[Stored data]
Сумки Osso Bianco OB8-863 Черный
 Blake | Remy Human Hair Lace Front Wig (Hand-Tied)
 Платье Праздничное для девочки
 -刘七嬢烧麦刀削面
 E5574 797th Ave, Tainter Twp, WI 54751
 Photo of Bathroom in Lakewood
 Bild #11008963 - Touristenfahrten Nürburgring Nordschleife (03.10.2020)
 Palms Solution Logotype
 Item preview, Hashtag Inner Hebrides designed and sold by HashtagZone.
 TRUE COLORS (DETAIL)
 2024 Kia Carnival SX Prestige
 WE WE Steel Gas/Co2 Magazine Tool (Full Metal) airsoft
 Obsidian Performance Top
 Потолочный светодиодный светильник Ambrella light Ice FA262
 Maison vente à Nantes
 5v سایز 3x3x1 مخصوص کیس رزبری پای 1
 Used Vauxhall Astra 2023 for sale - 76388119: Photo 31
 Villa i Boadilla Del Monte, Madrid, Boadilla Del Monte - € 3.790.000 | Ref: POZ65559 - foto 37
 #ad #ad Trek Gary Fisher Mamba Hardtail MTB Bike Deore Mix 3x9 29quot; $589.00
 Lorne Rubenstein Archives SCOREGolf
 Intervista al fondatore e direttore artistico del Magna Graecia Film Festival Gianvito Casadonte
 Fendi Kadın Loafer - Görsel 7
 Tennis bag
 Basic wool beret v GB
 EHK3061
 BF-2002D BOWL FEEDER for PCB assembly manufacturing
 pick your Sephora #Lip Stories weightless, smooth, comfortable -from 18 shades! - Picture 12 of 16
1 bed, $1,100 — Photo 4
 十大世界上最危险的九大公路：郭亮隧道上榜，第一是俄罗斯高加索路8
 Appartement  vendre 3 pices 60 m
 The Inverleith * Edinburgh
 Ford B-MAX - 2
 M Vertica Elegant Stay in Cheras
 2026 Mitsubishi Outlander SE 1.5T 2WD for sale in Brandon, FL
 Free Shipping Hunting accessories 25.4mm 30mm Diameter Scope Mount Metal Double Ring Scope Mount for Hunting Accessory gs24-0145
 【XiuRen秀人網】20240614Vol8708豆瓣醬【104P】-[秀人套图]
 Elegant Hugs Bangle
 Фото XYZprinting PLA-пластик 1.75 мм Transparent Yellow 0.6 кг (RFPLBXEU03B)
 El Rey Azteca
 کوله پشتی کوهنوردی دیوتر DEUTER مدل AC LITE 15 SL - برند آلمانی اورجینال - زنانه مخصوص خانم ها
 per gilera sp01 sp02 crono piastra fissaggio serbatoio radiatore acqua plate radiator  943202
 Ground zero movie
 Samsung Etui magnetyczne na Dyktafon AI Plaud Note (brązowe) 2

◆ Task statement ◆
Begin with the line that contains "The Inverleith * Edinburgh" and print each line exactly until the data ends, including the last line.

◆ Solution below ◆
 The Inverleith * Edinburgh
 Ford B-MAX - 2
 M Vertica Elegant Stay in Cheras
 2026 Mitsubishi Outlander SE 1.5T 2WD for sale in Brandon, FL
 Free Shipping Hunting accessories 25.4mm 30mm Diameter Scope Mount Metal Double Ring Scope Mount for Hunting Accessory gs24-0145
 【XiuRen秀人網】20240614Vol8708豆瓣醬【104P】-[秀人套图]
 Elegant Hugs Bangle
 Фото XYZprinting PLA-пластик 1.75 мм Transparent Yellow 0.6 кг (RFPLBXEU03B)
 El Rey Azteca
 کوله پشتی کوهنوردی دیوتر DEUTER مدل AC LITE 15 SL - برند آلمانی اورجینال - زنانه مخصوص خانم ها
 per gilera sp01 sp02 crono piastra fissaggio serbatoio radiatore acqua plate radiator  943202
 Ground zero movie
 Samsung Etui magnetyczne na Dyktafon AI Plaud Note (brązowe) 2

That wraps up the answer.